Examples involving the scikit-learn preprocessing module
For both imputation and standardization, scikit-learn offers similar APIs:
- First, fit the data to learn the imputer or standardizer.
- Then, use the fitted object to transform new data.
In this section, I will demonstrate two examples, one for imputation and another for standardization.
Note
Scikit-learn uses the same syntax of fit and predict for predictive models. This is a very good practice for keeping the interface consistent. We will cover the machine learning methods in later chapters.
Imputation
First, create an imputer from the SimpleImputer
class. The initialization of the instance allows you to choose missing value forms. It is handy as we can feed our original data into it by treating the question mark as a missing value:
from sklearn.impute import SimpleImputer imputer = SimpleImputer(missing_values=np.nan, strategy="mean")
Note that fit
and transform
can accept the same input:
imputer.fit(df2) df3 = pd.DataFrame(imputer.transform(df2))

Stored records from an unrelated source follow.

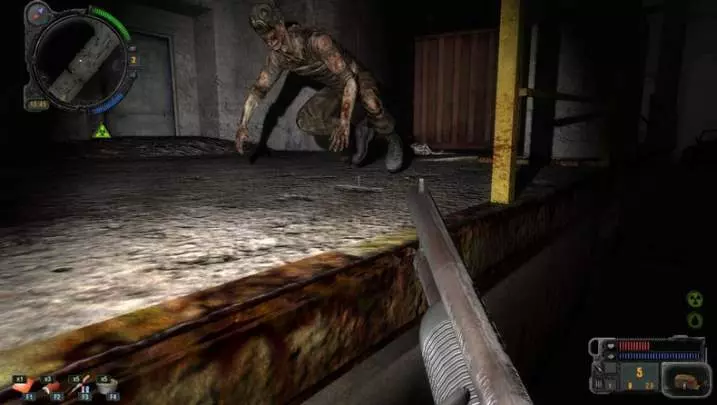 STALKER Call of Pripyat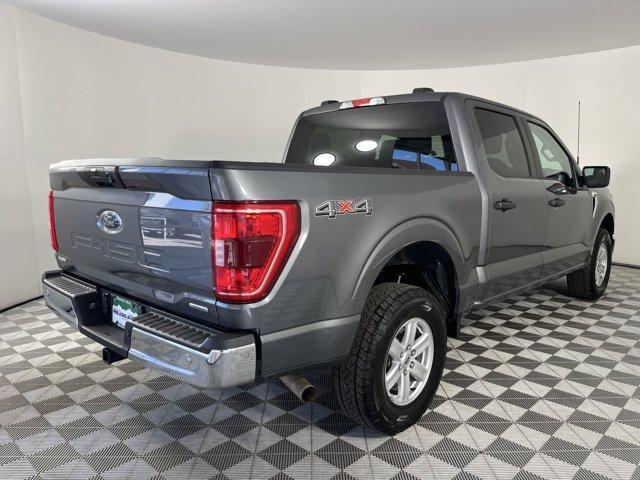 used 2023 Ford F-150 car, priced at $39,833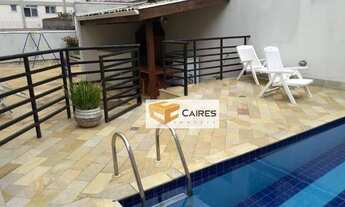 Imagem 5: Apartamento com 3 dormitórios à venda, 130 m² por R$ 615.000,00 - Jardim Flamboyant - Camp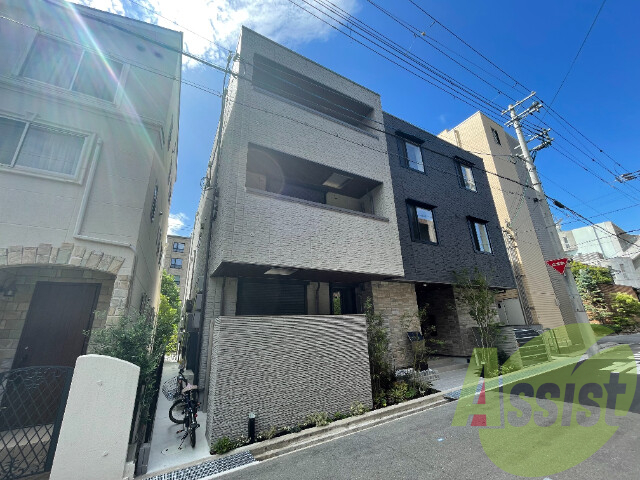 Sourire Okamotoの外観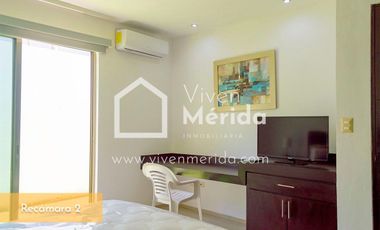 Departamento en renta en Montebello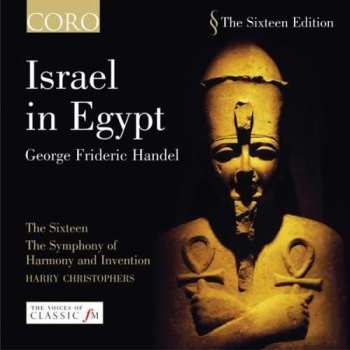 Georg Friedrich Händel: Israel In Egypt
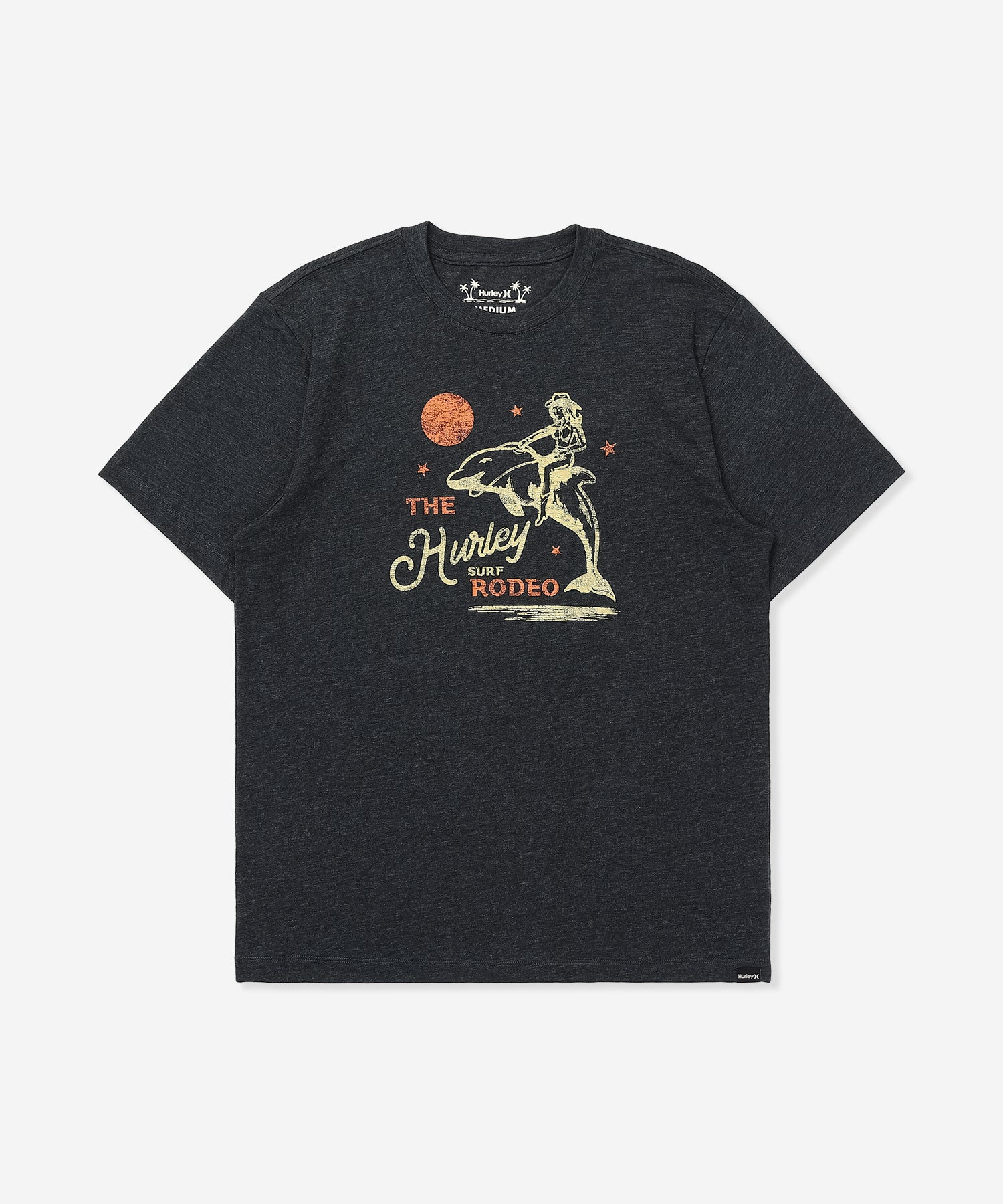 OCEAN RODEO SLUB SHORT SLEEVE メンズ/Tシャツ/レギュラーフィット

Now, check the number of missing values – the result should be 0:
np.sum(np.sum(np.isnan(df3)))
Standardization
Standardization can be implemented in a similar fashion:
from sklearn import preprocessing
The scale function provides the default zero-mean, one-standard deviation transformation:
df4 = pd.DataFrame(preprocessing.scale(df2))
Note
In this example, categorical variables represented by integers are also zero-mean, which should be avoided in production.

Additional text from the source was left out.